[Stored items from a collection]

──────

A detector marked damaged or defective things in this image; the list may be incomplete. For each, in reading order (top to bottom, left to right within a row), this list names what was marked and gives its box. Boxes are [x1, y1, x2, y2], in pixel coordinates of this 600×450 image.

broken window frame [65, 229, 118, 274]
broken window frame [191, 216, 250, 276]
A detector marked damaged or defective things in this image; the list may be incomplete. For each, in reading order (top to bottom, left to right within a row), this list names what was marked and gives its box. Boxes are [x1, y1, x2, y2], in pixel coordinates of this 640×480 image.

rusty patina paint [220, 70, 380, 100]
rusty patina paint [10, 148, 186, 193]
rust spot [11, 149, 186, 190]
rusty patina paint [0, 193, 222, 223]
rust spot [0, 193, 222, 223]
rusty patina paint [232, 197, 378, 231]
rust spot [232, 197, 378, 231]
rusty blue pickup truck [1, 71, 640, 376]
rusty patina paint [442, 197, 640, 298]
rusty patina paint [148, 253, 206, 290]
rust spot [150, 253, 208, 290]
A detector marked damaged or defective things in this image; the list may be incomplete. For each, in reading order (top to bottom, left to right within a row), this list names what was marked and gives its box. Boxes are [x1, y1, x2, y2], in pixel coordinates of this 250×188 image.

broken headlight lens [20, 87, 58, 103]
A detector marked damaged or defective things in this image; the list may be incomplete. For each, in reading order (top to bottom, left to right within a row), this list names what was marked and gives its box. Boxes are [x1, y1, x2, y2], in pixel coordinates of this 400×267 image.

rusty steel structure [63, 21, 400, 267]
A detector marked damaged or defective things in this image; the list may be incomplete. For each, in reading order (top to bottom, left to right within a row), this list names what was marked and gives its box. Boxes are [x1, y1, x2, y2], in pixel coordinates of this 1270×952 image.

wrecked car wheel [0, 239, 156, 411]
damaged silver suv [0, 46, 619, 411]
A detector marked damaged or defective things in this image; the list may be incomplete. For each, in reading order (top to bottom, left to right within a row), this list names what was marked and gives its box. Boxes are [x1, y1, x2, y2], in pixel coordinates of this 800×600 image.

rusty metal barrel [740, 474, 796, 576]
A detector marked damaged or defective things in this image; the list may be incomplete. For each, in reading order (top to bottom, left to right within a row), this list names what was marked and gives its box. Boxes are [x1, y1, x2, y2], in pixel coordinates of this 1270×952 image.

──────

Retype exactly, and only, the lines that run from the one with "this 800×600 image." through the final line of the entries.

● RESPONSE TO THE TASK:
A detector marked damaged or defective things in this image; the list may be incomplete. For each, in reading order (top to bottom, left to right within a row), this list names what was marked and gives its box. Boxes are [x1, y1, x2, y2], in pixel coordinates of this 800×600 image.

rusty metal barrel [740, 474, 796, 576]
A detector marked damaged or defective things in this image; the list may be incomplete. For each, in reading order (top to bottom, left to right within a row), this list names what was marked and gives its box. Boxes are [x1, y1, x2, y2], in pixel coordinates of this 1270×952 image.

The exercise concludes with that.